The capacity of a slice is the number of elements in the underlying array from the start of the slice to the end of the array (not the end of the slice). The function cap returns a slice’s capacity:

var arr [5]int

s := arr[1:4]  // a slice of an array

fmt.Printf("length of s is %d\n", len(s))
fmt.Printf("capacity of s is %d\n", cap(s))

This prints:

length of s is 3
capacity of s is 4

So why does a slice store the capacity? The capacity of a slice is used for extending its size. Basically, you can extend the size of a slice up to its capacity.
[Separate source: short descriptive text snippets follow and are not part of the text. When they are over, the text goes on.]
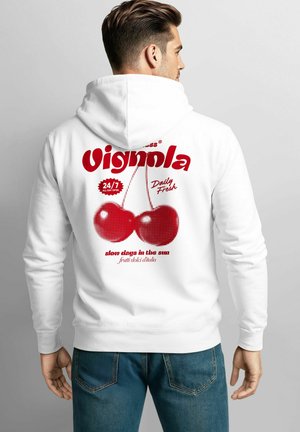 Weißer Hoodie mit einem großen roten Grafikdesign von zwei Kirschen, Textelementen "Vignola", "Daily Fresh" und „langsame Tage in der Sonne“. Der Stoff scheint weich zu sein.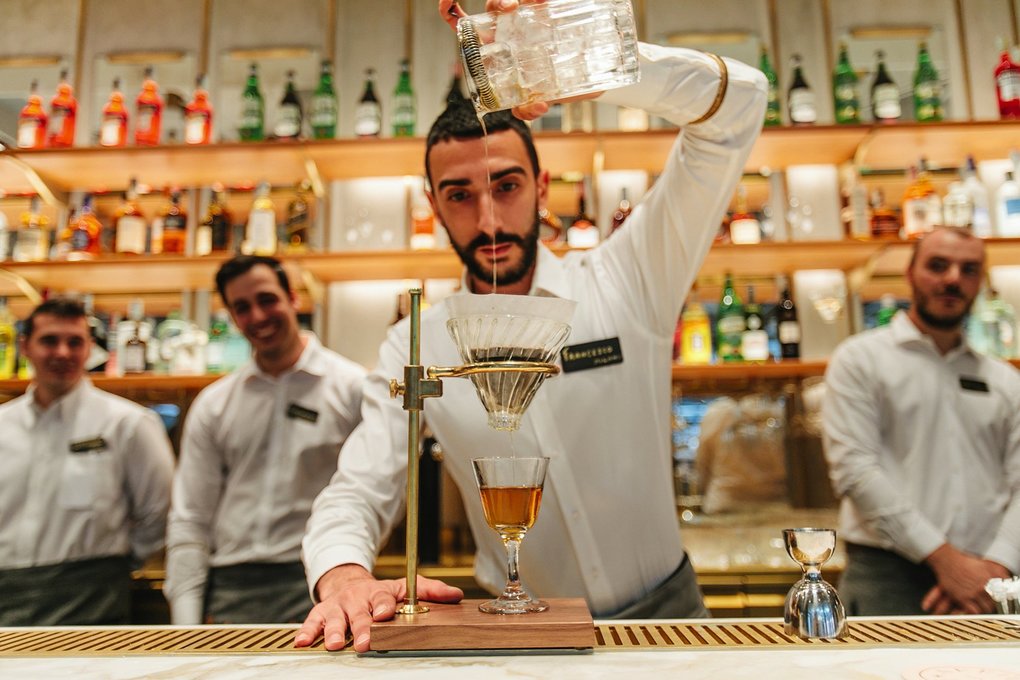 RC NEWS STARBUCKS OPENS IN ITALY 1018 3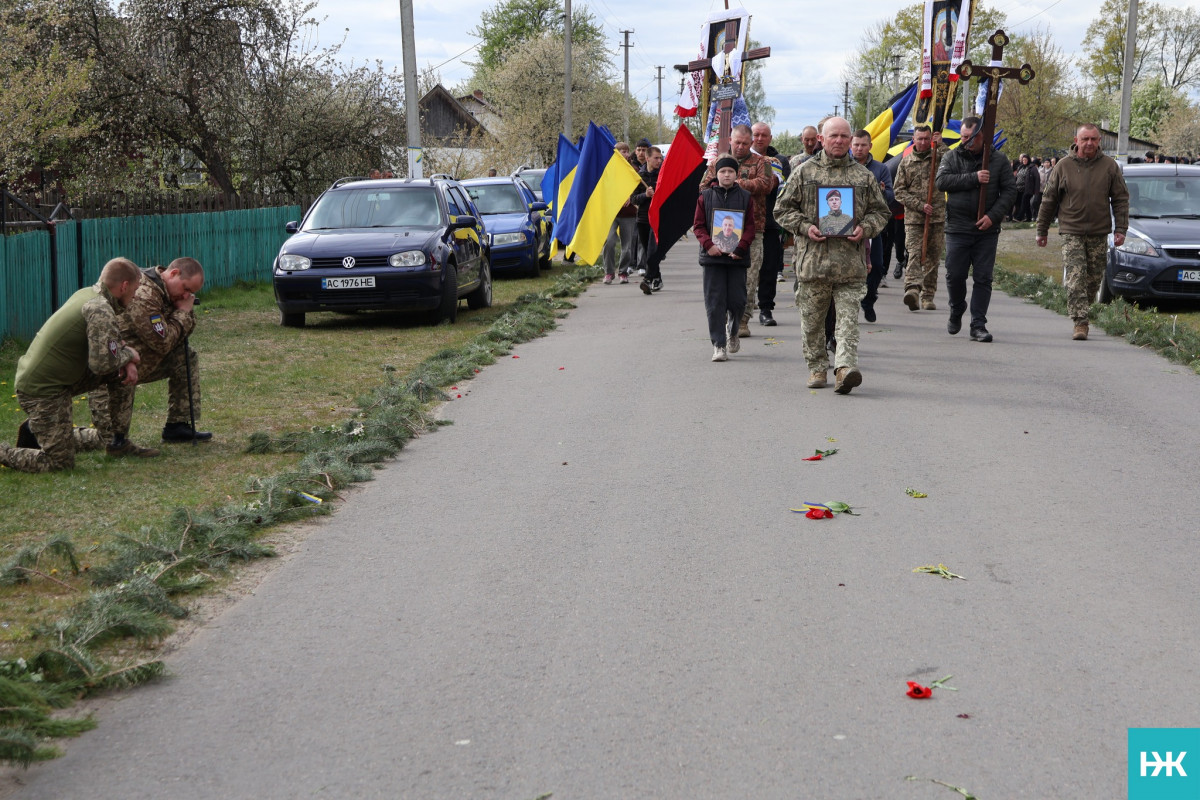 Біль двох сіл: на Волині провели в останню путь воїна Володимира Ридчука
If you extend it past its capacity, you get an error.

Consider this function for appending an integer onto the end of a slice:

func extend(slice []int, x int) []int {
    n := len(slice)
    slice = slice[0 : n+1]  // can only slice up to a slice's capacity
    slice[n] = x
    return slice
}

Then run this code:

func main() {
    var arr [5]int

    s := arr[0:0]  // initially empty slice: length 0, capacity 5

    s = extend(s, 1)
    s = extend(s, 2)
    s = extend(s, 3)
    s = extend(s, 4)
    s = extend(s, 5)

    fmt.Printf("s is %v\n", s)

    s = extend(s, 6)  // runtime error: slice bounds out of range
}

The sixth time extend is called gives a runtime error because there is no more space in the slice’s underlying array. A slice can never be longer than the array it refers to.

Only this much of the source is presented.